• _Work instructions_
The result should be a faithful copy of every entry below, with the pictures left out.

• _Entries supplied_
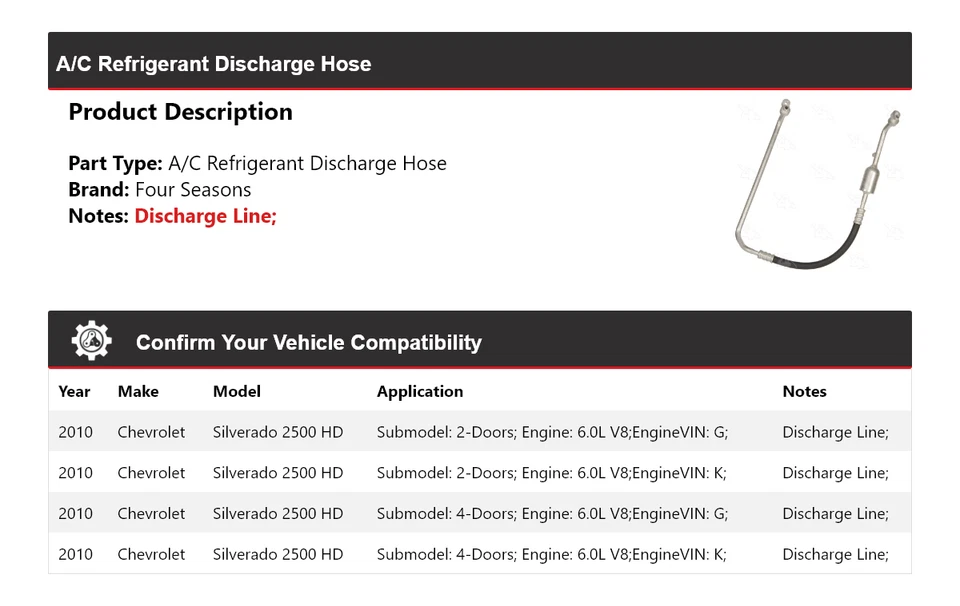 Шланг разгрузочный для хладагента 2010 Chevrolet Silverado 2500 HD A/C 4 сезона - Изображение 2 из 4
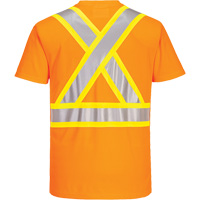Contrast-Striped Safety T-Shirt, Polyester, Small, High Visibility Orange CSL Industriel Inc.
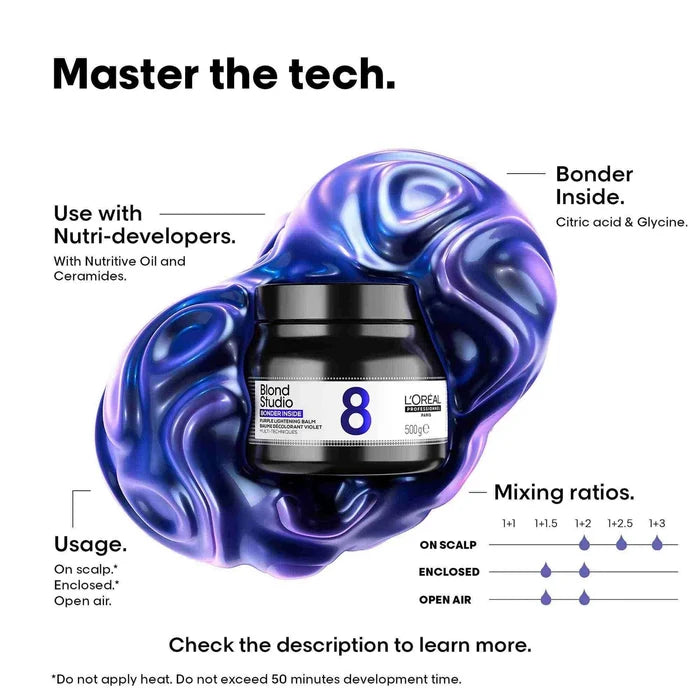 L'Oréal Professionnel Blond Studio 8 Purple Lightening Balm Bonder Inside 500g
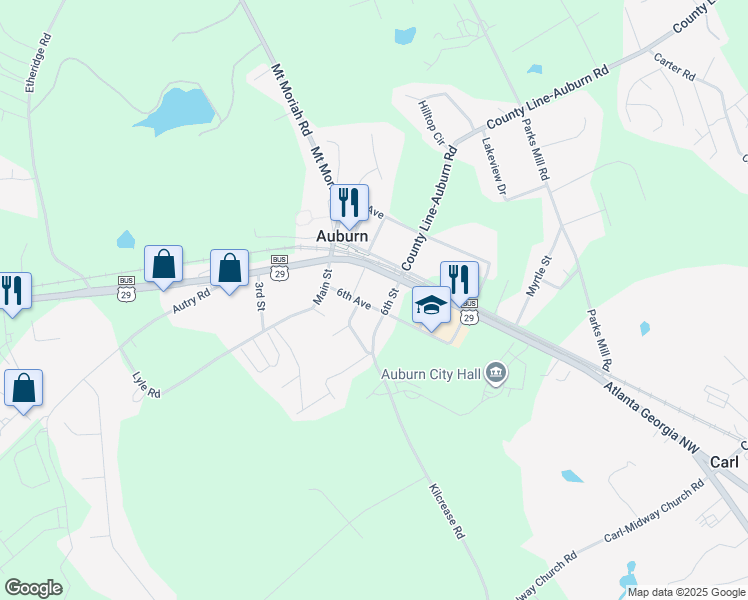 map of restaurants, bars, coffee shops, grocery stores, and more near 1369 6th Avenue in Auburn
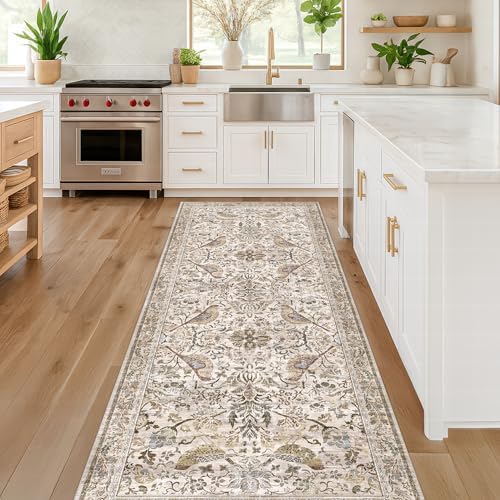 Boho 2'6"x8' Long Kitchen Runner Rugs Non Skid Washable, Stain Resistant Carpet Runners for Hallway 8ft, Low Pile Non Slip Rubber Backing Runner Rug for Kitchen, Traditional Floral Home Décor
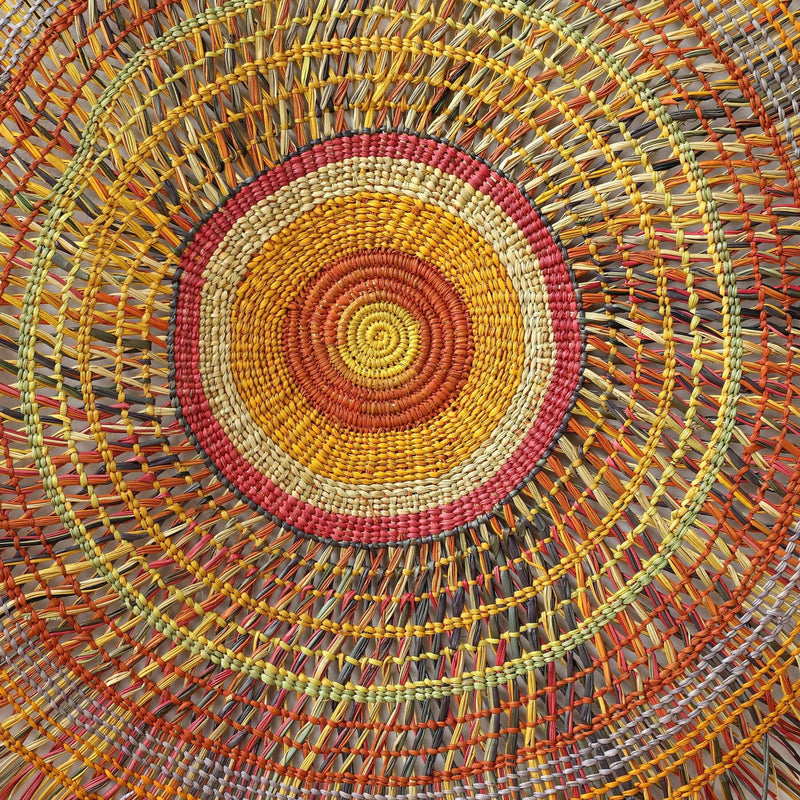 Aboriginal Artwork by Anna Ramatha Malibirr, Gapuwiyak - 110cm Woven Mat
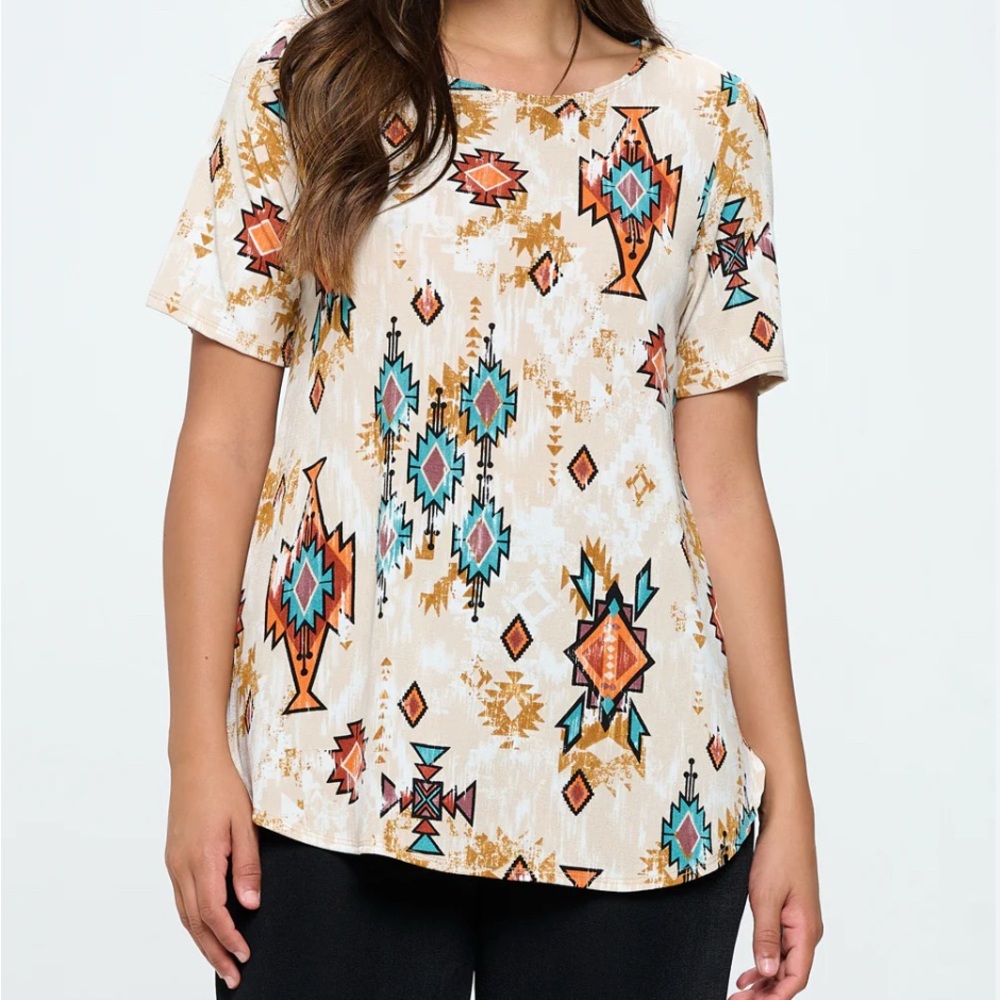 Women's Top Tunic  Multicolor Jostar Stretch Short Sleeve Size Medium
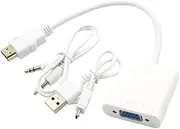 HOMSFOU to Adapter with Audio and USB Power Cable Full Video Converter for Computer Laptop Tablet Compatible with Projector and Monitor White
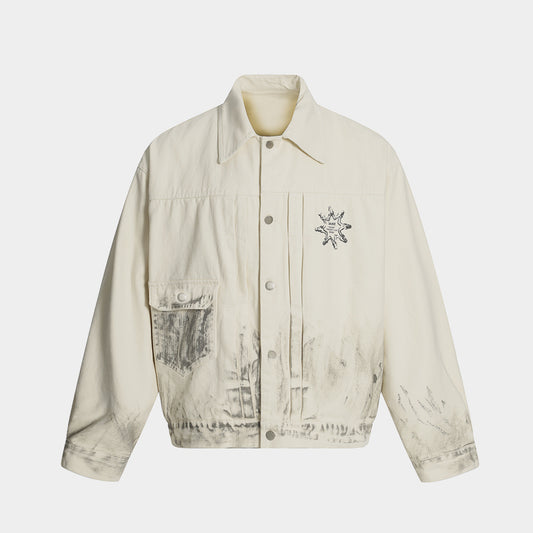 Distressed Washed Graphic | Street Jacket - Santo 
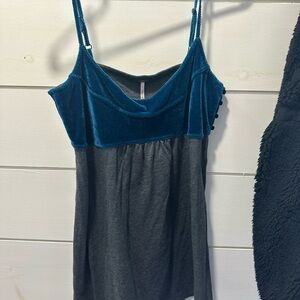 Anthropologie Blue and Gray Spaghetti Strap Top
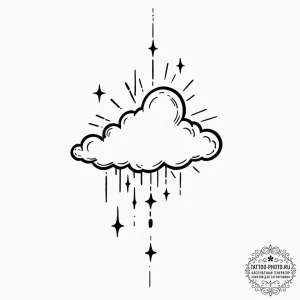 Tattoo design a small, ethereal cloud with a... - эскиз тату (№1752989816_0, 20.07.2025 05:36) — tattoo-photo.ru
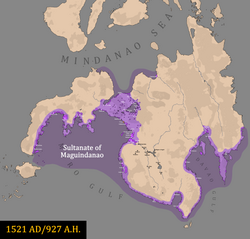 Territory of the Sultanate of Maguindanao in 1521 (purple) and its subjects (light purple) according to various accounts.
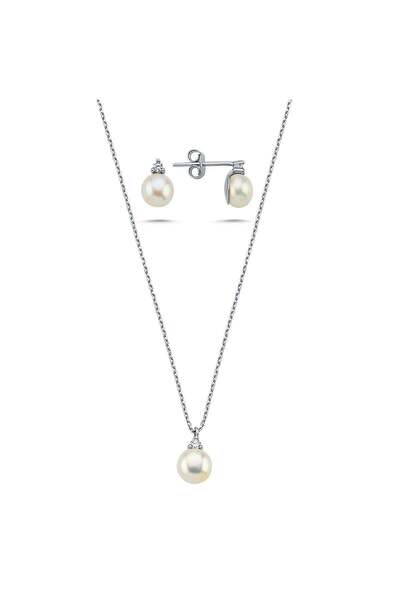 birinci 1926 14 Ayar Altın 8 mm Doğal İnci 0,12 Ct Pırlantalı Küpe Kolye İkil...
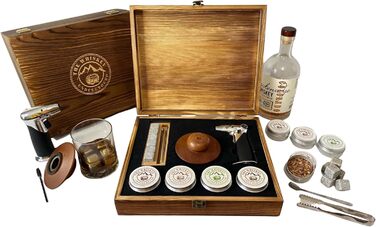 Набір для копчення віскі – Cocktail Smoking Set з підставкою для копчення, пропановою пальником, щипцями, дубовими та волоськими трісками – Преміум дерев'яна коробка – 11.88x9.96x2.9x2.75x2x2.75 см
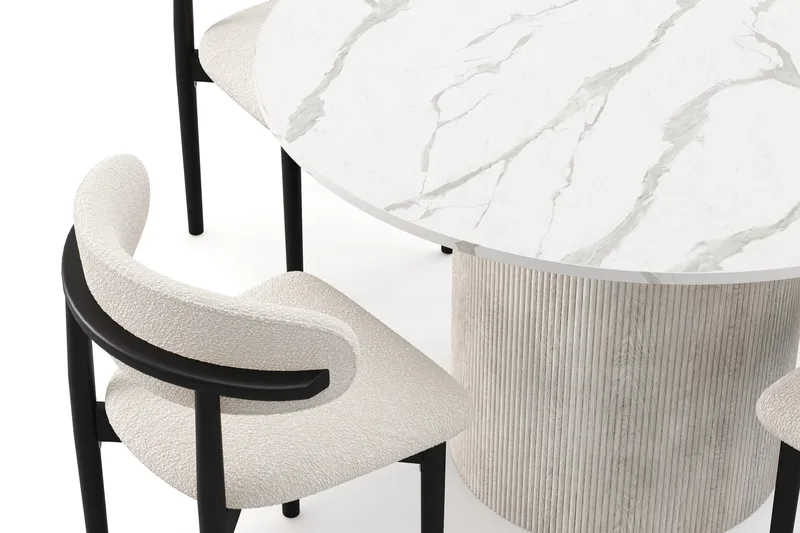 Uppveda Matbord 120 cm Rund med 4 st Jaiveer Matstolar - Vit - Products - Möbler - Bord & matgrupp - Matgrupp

• _Finished exercise_
 Шланг разгрузочный для хладагента 2010 Chevrolet Silverado 2500 HD A/C 4 сезона - Изображение 2 из 4
Contrast-Striped Safety T-Shirt, Polyester, Small, High Visibility Orange CSL Industriel Inc.
 L'Oréal Professionnel Blond Studio 8 Purple Lightening Balm Bonder Inside 500g
 map of restaurants, bars, coffee shops, grocery stores, and more near 1369 6th Avenue in Auburn
 Boho 2'6"x8' Long Kitchen Runner Rugs Non Skid Washable, Stain Resistant Carpet Runners for Hallway 8ft, Low Pile Non Slip Rubber Backing Runner Rug for Kitchen, Traditional Floral Home Décor
 Aboriginal Artwork by Anna Ramatha Malibirr, Gapuwiyak - 110cm Woven Mat
 Women's Top Tunic  Multicolor Jostar Stretch Short Sleeve Size Medium
 HOMSFOU to Adapter with Audio and USB Power Cable Full Video Converter for Computer Laptop Tablet Compatible with Projector and Monitor White
 Distressed Washed Graphic | Street Jacket - Santo 
 Anthropologie Blue and Gray Spaghetti Strap Top
 Tattoo design a small, ethereal cloud with a... - эскиз тату (№1752989816_0, 20.07.2025 05:36) — tattoo-photo.ru
 Territory of the Sultanate of Maguindanao in 1521 (purple) and its subjects (light purple) according to various accounts.
 birinci 1926 14 Ayar Altın 8 mm Doğal İnci 0,12 Ct Pırlantalı Küpe Kolye İkil...
 Набір для копчення віскі – Cocktail Smoking Set з підставкою для копчення, пропановою пальником, щипцями, дубовими та волоськими трісками – Преміум дерев'яна коробка – 11.88x9.96x2.9x2.75x2x2.75 см
 Uppveda Matbord 120 cm Rund med 4 st Jaiveer Matstolar - Vit - Products - Möbler - Bord & matgrupp - Matgrupp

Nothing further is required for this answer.